The answer is usually that even a cover of a song still counts as infringing the copyright. In order to legally publish a performance or cover of a song, you usually have to obtain what is called a mechanical or "compulsory" license. You can legally monetize your cover once you've obtained that license. But again, this is custom music generation in a video game, not an actual person performing an actual song cover on video. This falls into a similar vein as the whole issue of who owns the copyright to generative content to begin with (the person who made the content generator? the person who hit the "generate" button? the hosting service? the generator or AI itself?). So where does that leave us?

I don't know. It's a grey area and you might need an actual lawyer to give you the answer. However...

If you allow users to store, distribute and share custom music submissions on the servers, DMCA copyright restrictions concerning the hosting of user-generated content probably apply.

Looking at the current legal landscape around user-generated content hosting and associated copyright issues in the U.S. and Europe, the copyright concerns of allowing users to create and upload custom music in an MMO probably don't differ from existing copyright issues around other games, platforms, etc. that allow users to create and share content and host that content on the platform. Usually this applies to social media platforms like YouTube, Reddit, Facebook, Twitter, etc. that host user-submitted songs, videos and photos.
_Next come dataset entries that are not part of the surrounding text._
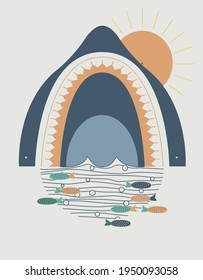 ashion kids print with under the sea animal and slogan. Vector hand draw illustration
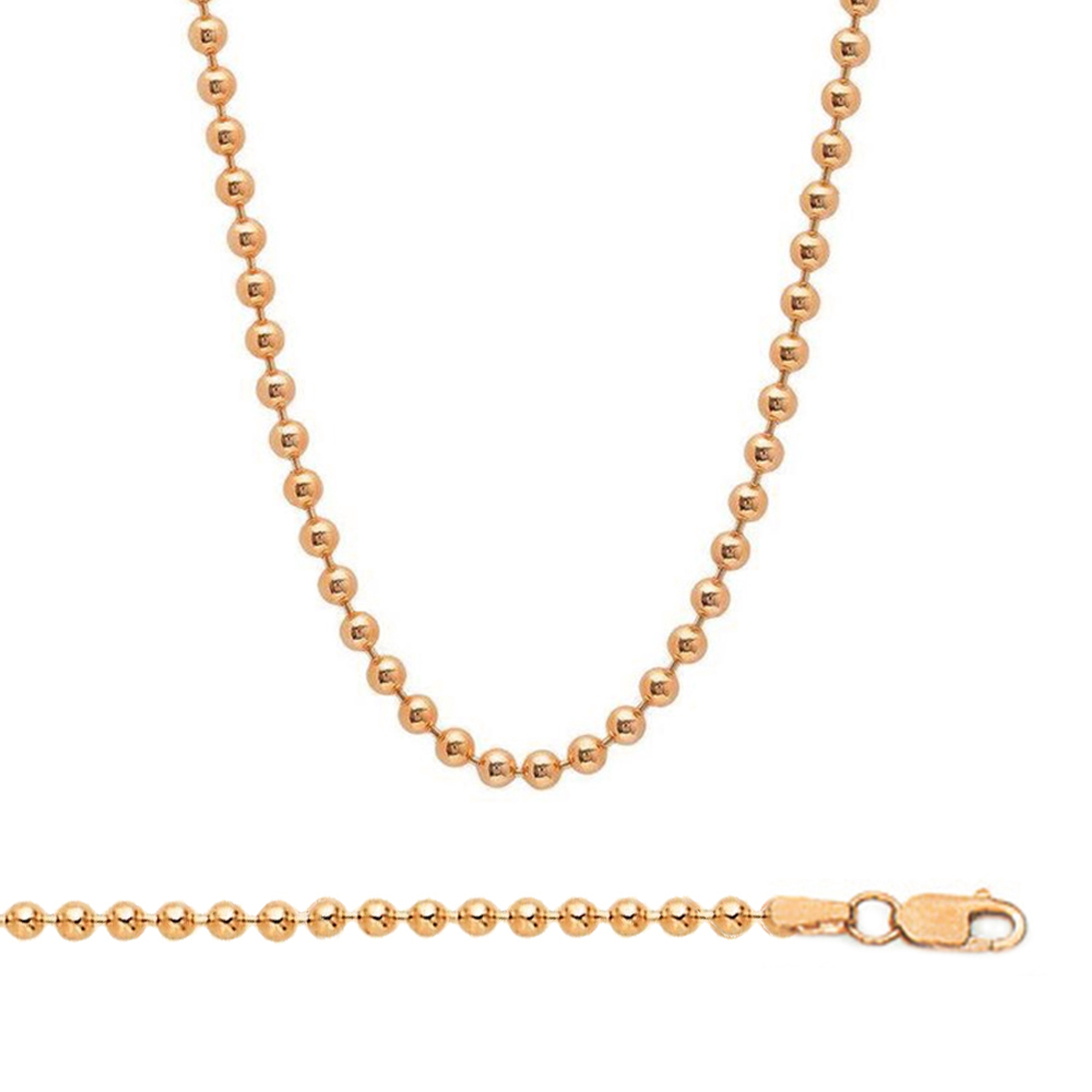 14K Rose Gold Bead Link Chain, 4mm Wide 24 Inches 14K Rose Gold Bead Link Chain, 4mm Wide 24 Inches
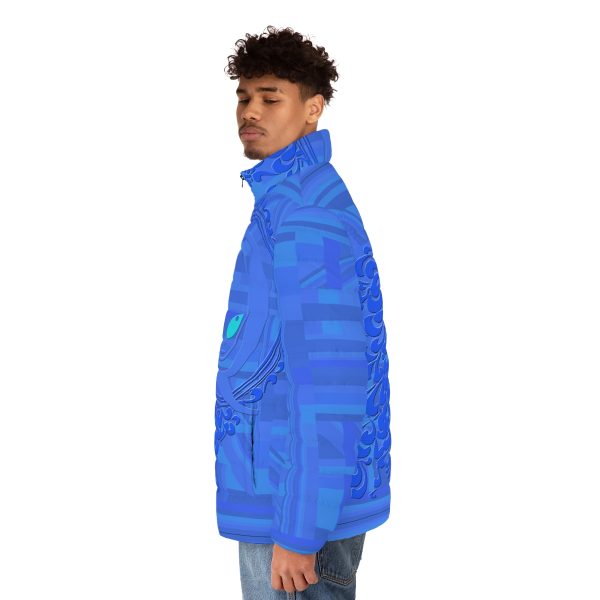 Men's Puffer Jacket (AOP) - Q Splash Blue Geometric BG - Image 6
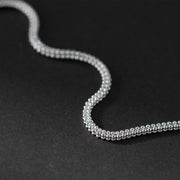 Fine Jewelry 925 Sterling Silver Bracelet with Unique Tiny Beads and Rope Chain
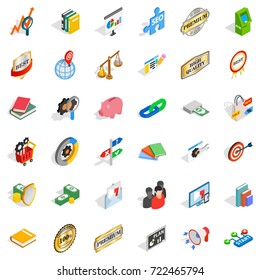 Atm icons set. Isometric style of 36 atm vector icons for web isolated on white background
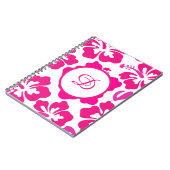 ピンクのトロピカルハワイビスカスフローラルパターン ノートブック (左側)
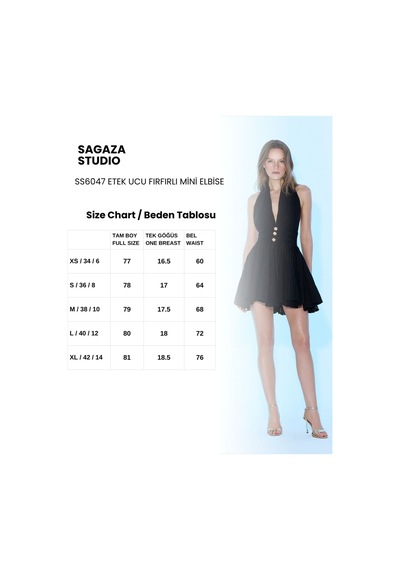 Sagaza Studio Ss6047 Boyundan Bağlamalı Dantel Mini Elbise Siyah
However, it could theoretically also apply to games if they allowed users to host copyrighted music samples on a public-facing server, given that the only main requirements are 1) that a piece of copyrighted content is uploaded by the user and that 2) it is uploaded onto a public Internet domain. In your case, that content would just be hosted on your MMO servers and databases.
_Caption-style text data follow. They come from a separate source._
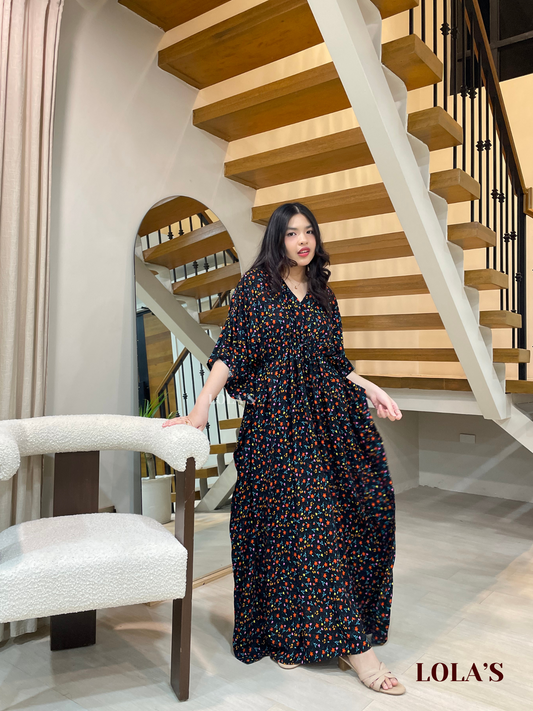 Rowena Dress (Black Blooms)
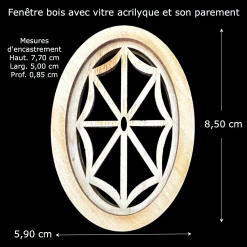 Fenêtre ovale bois brut avec acrylique pour maison de poupée 1/12ᵉ vue principale avec dimensions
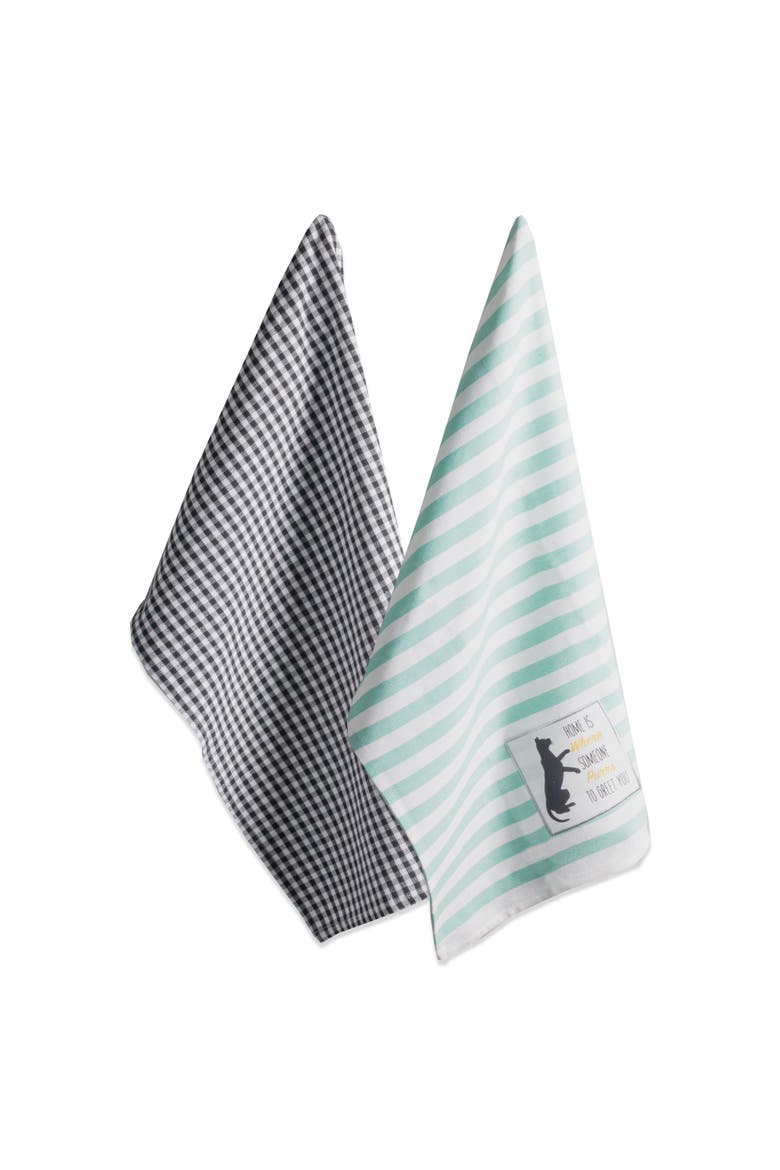 Cat Greeting Embellished Assorted Dishtowel Set/2, Main, color, Cat Greetings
In most cases surrounding user-generated or user-submitted content on a hosting platform, a user cannot lawfully create, sell or share copyrighted content with other users without permission, and usually an unlawfully created copyrighted piece of content will be claimed by the financial stakeholder/IP holder for monetary rights/damages. In the United States and the European Union, this is known as a Digital Millennium Copyright Act (DMCA) takedown. (Think copyright claims and DMCA takedowns for using copyrighted music tracks on YouTube.)

How does a DMCA takedown work?

The DMCA notice and takedown process is a tool for copyright holders to get user-uploaded material that infringes their copyrights taken down off of websites, servers, and hosting domains. For an MMO, this would include any hosting servers or databases you would use to store user-generated music. Because the DMCA process is designed to limit the actual liability of your service for (presumably inadvertently) hosting that copyrighted content, you are presumed innocent in the matter, since in most cases you simply can't screen every single piece of content that is uploaded in a reasonable manner. Instead, you will receive a notification of an infringement claim from the copyright holder or a representative agent, and you have the option to respond with either a counternotification defending the material and the user, or to respond promptly by blocking access to the infringing material and removing it from your servers.

tl:dr;

In short:

  • The generation of custom music is probably fine, but definitely exists in an odd legal grey area that the law hasn't caught up to yet.
  • The hosting and distribution of the content is where you get into murky legal territory and may have to research dealing with DMCA claims, on the off chance that somebody uploads Never Gonna Give You Up and you get body-slammed by Sony.

As usual, ask an actual lawyer for definitive answers.